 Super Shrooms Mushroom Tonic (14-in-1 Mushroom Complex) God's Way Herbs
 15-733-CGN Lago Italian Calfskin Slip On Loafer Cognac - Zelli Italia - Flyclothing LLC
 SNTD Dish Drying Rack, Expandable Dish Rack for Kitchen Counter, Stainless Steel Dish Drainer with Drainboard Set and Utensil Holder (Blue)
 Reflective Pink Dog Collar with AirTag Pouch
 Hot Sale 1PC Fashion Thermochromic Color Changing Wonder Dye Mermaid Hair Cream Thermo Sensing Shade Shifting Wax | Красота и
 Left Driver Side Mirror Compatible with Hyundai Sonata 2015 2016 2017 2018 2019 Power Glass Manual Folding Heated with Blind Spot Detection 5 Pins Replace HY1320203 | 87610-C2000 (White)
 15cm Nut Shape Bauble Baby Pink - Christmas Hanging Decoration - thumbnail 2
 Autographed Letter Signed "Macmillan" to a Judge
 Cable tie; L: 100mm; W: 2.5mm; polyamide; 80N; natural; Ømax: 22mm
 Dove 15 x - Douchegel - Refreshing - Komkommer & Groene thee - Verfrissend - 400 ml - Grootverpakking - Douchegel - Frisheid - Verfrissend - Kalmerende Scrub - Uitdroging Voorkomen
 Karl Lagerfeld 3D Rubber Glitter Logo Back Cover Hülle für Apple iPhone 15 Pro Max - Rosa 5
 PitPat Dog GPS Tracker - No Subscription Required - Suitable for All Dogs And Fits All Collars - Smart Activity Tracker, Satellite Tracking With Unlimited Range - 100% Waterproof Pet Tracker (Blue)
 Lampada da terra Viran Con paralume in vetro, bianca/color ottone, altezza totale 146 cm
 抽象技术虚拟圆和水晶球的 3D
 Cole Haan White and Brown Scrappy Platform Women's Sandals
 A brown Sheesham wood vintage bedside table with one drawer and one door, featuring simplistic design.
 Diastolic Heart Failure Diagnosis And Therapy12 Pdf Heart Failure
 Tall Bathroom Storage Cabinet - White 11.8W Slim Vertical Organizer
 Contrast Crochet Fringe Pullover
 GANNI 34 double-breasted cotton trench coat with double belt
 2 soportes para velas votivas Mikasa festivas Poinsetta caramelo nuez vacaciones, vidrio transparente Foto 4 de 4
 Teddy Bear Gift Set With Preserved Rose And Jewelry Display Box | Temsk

Task description: Repeat the material above exactly.

Exercise result:
 Super Shrooms Mushroom Tonic (14-in-1 Mushroom Complex) God's Way Herbs
 15-733-CGN Lago Italian Calfskin Slip On Loafer Cognac - Zelli Italia - Flyclothing LLC
 SNTD Dish Drying Rack, Expandable Dish Rack for Kitchen Counter, Stainless Steel Dish Drainer with Drainboard Set and Utensil Holder (Blue)
 Reflective Pink Dog Collar with AirTag Pouch
 Hot Sale 1PC Fashion Thermochromic Color Changing Wonder Dye Mermaid Hair Cream Thermo Sensing Shade Shifting Wax | Красота и
 Left Driver Side Mirror Compatible with Hyundai Sonata 2015 2016 2017 2018 2019 Power Glass Manual Folding Heated with Blind Spot Detection 5 Pins Replace HY1320203 | 87610-C2000 (White)
 15cm Nut Shape Bauble Baby Pink - Christmas Hanging Decoration - thumbnail 2
 Autographed Letter Signed "Macmillan" to a Judge
 Cable tie; L: 100mm; W: 2.5mm; polyamide; 80N; natural; Ømax: 22mm
 Dove 15 x - Douchegel - Refreshing - Komkommer & Groene thee - Verfrissend - 400 ml - Grootverpakking - Douchegel - Frisheid - Verfrissend - Kalmerende Scrub - Uitdroging Voorkomen
 Karl Lagerfeld 3D Rubber Glitter Logo Back Cover Hülle für Apple iPhone 15 Pro Max - Rosa 5
 PitPat Dog GPS Tracker - No Subscription Required - Suitable for All Dogs And Fits All Collars - Smart Activity Tracker, Satellite Tracking With Unlimited Range - 100% Waterproof Pet Tracker (Blue)
 Lampada da terra Viran Con paralume in vetro, bianca/color ottone, altezza totale 146 cm
 抽象技术虚拟圆和水晶球的 3D
 Cole Haan White and Brown Scrappy Platform Women's Sandals
 A brown Sheesham wood vintage bedside table with one drawer and one door, featuring simplistic design.
 Diastolic Heart Failure Diagnosis And Therapy12 Pdf Heart Failure
 Tall Bathroom Storage Cabinet - White 11.8W Slim Vertical Organizer
 Contrast Crochet Fringe Pullover
 GANNI 34 double-breasted cotton trench coat with double belt
 2 soportes para velas votivas Mikasa festivas Poinsetta caramelo nuez vacaciones, vidrio transparente Foto 4 de 4
 Teddy Bear Gift Set With Preserved Rose And Jewelry Display Box | Temsk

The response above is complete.